L'amore come pratica politica dunque. È un passaggio difficile e, come dimostra l'insieme dei contributi, tutt'altro che acquisito. Nelle stesse pagine di Dwf ricorre la nostalgia per quell'infernale amor che a nullo amato amar perdona. Nel desiderio di vivere un'"attrazione irresistibile", sentimento "che porta a dimenticare se stessi" (Scaraffia) appare ciò che Stella chiama "l'illusione dell'identico e del fuso", "che è tutto immanenza", destinata a morire, perché "sul bordo dell'immaginario fusionale nessuno dei due è libero". Anzi, restando fedele a un'idea dell'amore non toccata dalle faccende mondane, riappaiono puntualmente pregiudizi quasi sessuofobici (Scaraffia) e quella scissione fallologocentrica tra corpo e mente, passione e ragione (Fiori, Vantaggiato) che la critica femminista dovrebbe aver smentito da tempo.

La persistenza dell'ideale di un amore privato e privatizzato va letto come sintomo. Il desiderio della passione a due è la fuga dell'immaginario da una società in cui gli affetti vengono telecomandati: una passione oltre limite in realtà fa tremare. Rosa Rossi accenna a questa "esistenza mancata" che non riesce a tenersi aperta alla chiamata dell'altro/a "perché in lui i canali della ricezione e dello scambio sono come otturati". Ma non c'è soluzione privata: il personale è politico, recitava il primo slogan femminista. La paura di trovarsi esposto/a all'altro/a non si vince ripristinando il narcisismo offeso, individuale o statuale che sia, bensì mettendo in gioco quel desiderio finora inibito di trovare l'altro/a. La crisi che travolge l'individuo è quella che investe lo statuto della soggettività moderna. Il politico è personale: sembra - dice Dominijanni - che il circolo si stia completando e il pensiero femminista venga sollecitato a un nuovo intervento.
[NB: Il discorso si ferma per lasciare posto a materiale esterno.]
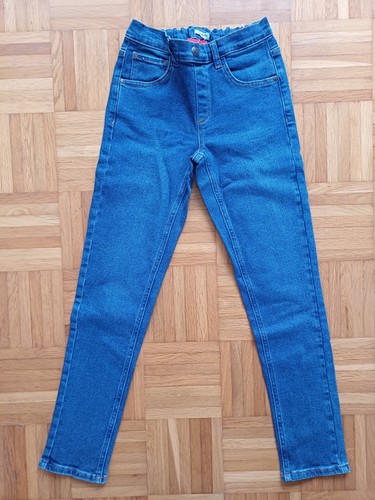 Jako jeans junge mädchen - jako-o,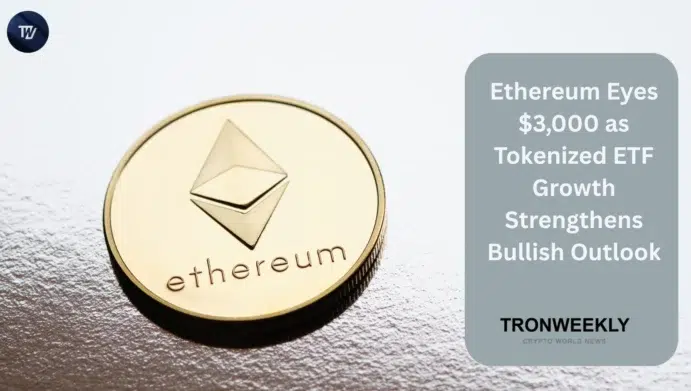 Ethereum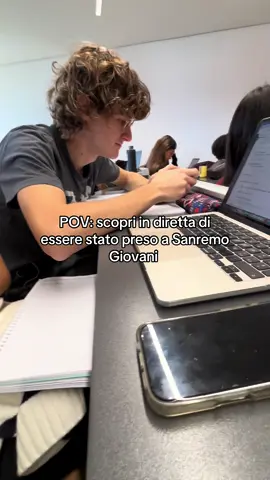 ci vediamo su rai DUEEEEEEE #sanremo #sanremogiovani #occhi #ullallà #artistaemergente 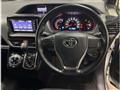 2020 Toyota Voxy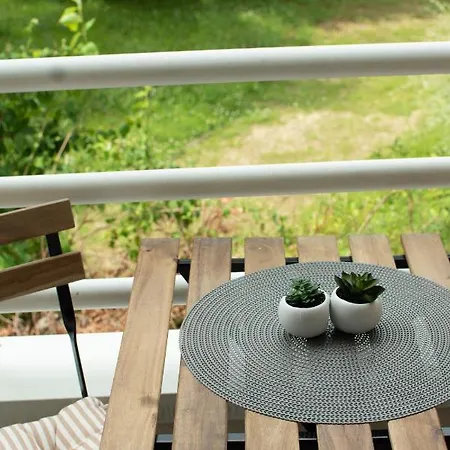 Les Dunes Ideal Couple,solo,famille&pro * Vitry-sur-Seine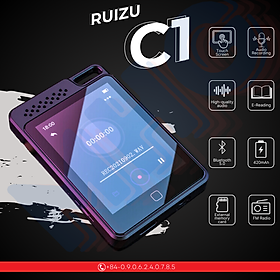 info-icon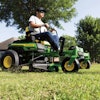 Jd Z370 Rs 1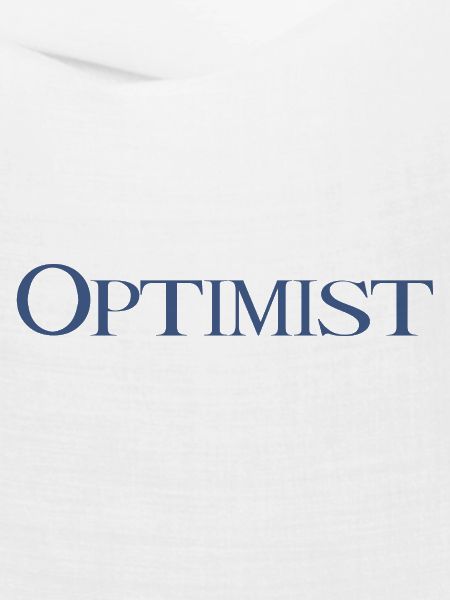 Optimist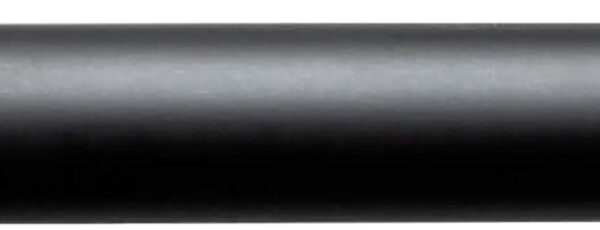 Angstadt Arms AAVIS09B01 Vanquish Suppressed Barrel 9mm Luger Black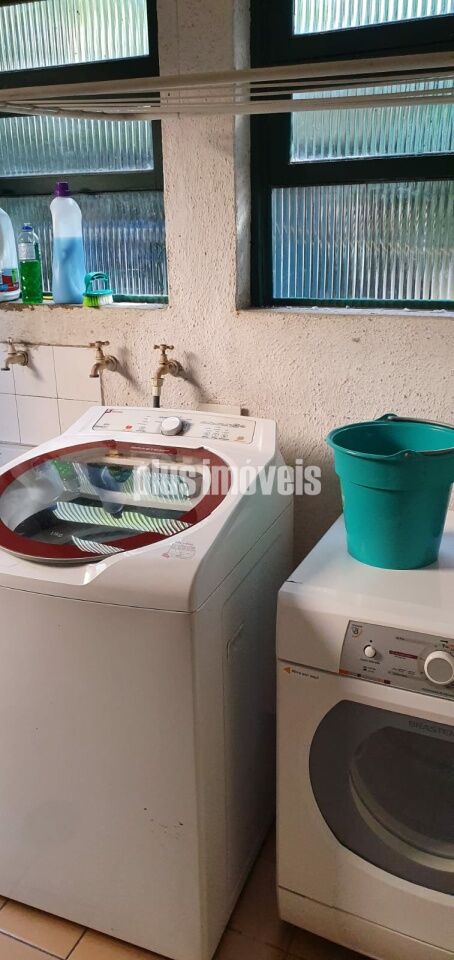 Casa, 3 quartos, 369 m² - Foto 36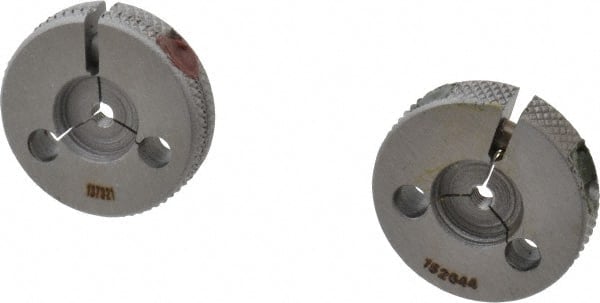 PMC GAGE R0300506GS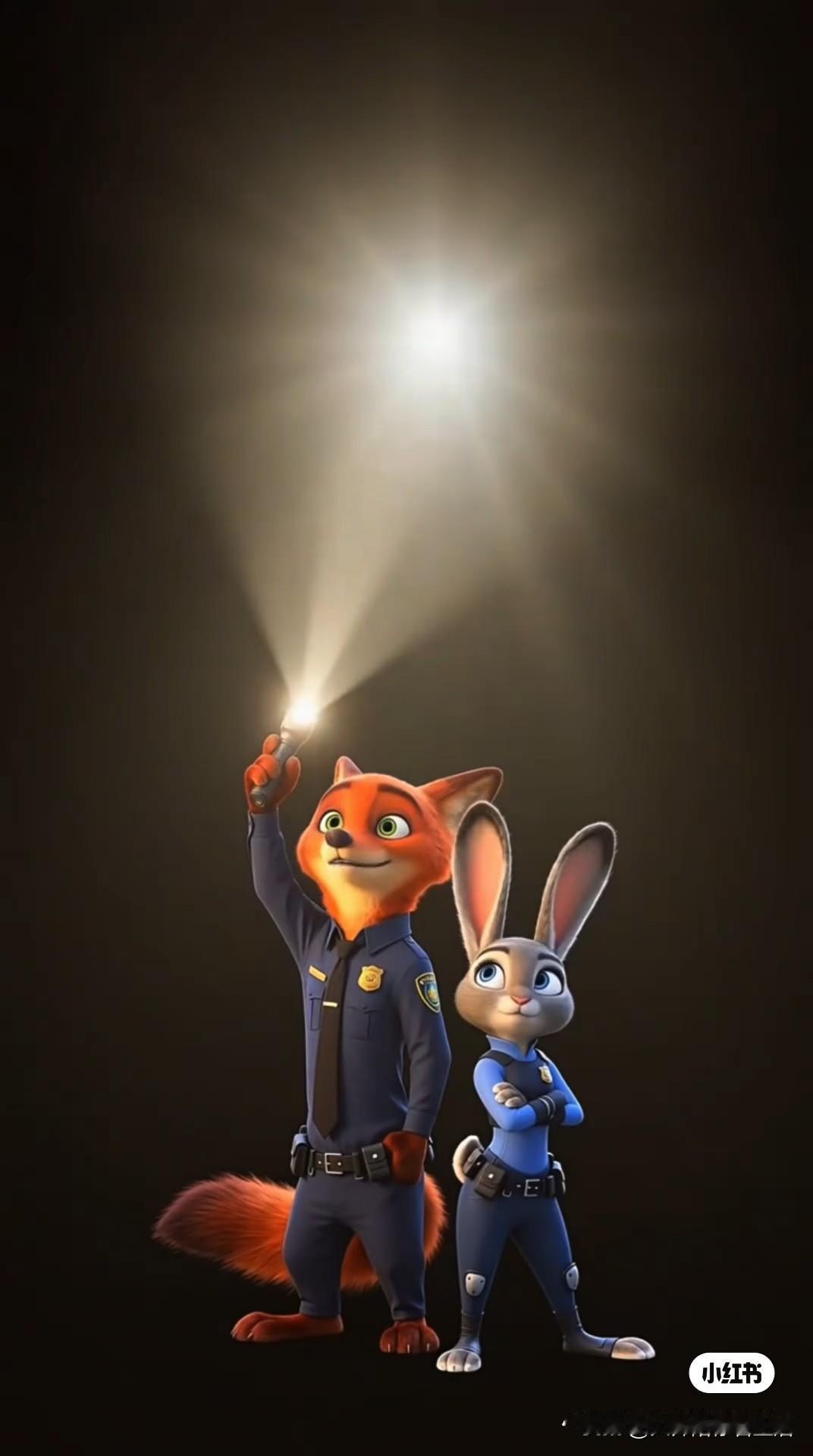 人这一辈子，最怕两样东西：生病和没钱。
如果非要二选一，我更怕生病。

没钱，省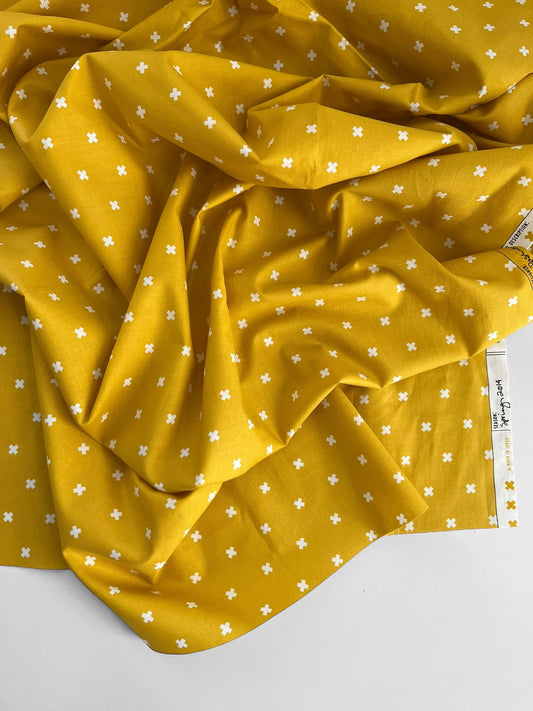 REMNANT 2.1m Sunflower x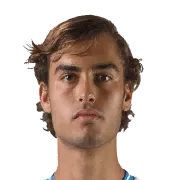 Emiliano García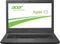 Acer Aspire E5-473G-59QT, Core i5-5200U, 8GB RAM, 500GB HDD, GeForce 940M, DE Vorschaubild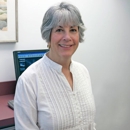 Cheryl Lang Ullman, DMD - Endodontists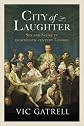 City of Laughter
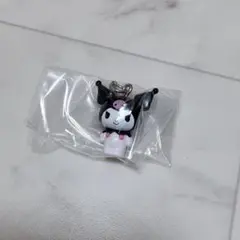 サンリオ めじるしアクセサリー 2 クロミ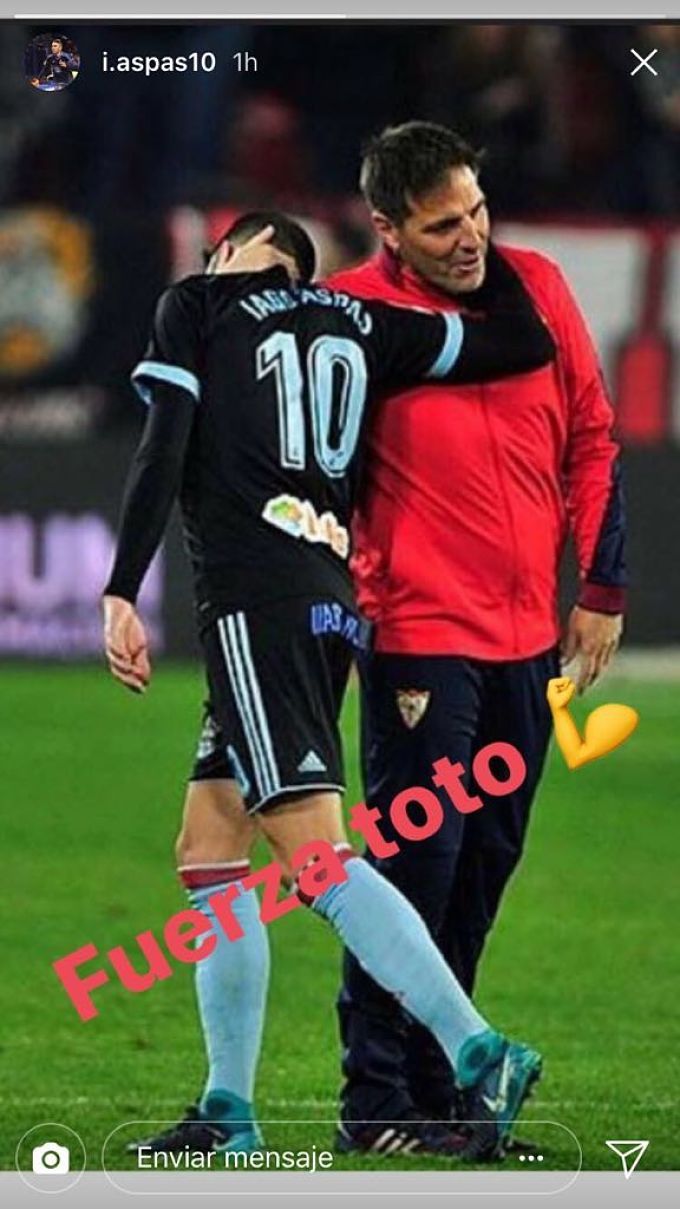 aspas_toto_instgram.jpg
L'idea di una politica d'amore tenta di ricambiare il desiderio di perdere se stessi con l'espropriazione del sé e l'ansia di essere travolto/a con il piacere paradisiaco "che si rinnova ogni volta che ci si lascia andare alla perdita, che si acconsente, pur nel dolore, a separarsi". Il passo nuovo riguarda la necessità di farsi spiazzare, di accettare la perdita dell'identità acquisita, di rinunciare al riconoscimento nei propri termini, di imparare altri gesti, di sopportare lo scacco. L'amore per l'altro/a vuol dire buttarsi nella corrente in cui si confondono le lingue, saper "smettere di declinare ciascuno la propria lingua" e dare ascolto all'altro/a, alla lingua corrente. Con un gioco di parole risuona così nel testo di Stella l'espressione di Muraro. Non a caso: proprio Muraro ha richiamato già qualche anno fa (in Duemilauna, Il Saggiatore) l'attenzione all'intelligenza dell'amore: quella capacità di fare della mancanza che muove l'amore un'apertura all'altro, alla conoscenza, al mondo, andando contro la tradizione filosofica che separa la conoscenza dalla sensorialità. Può passare anche da qui l'apertura di un altro orizzonte nella politica. Le risorse di una politica d'amore sembrano tante, "e - conclude Stella - forse ancora moltissime sono da scoprire per poterci fare leva e non precipitare."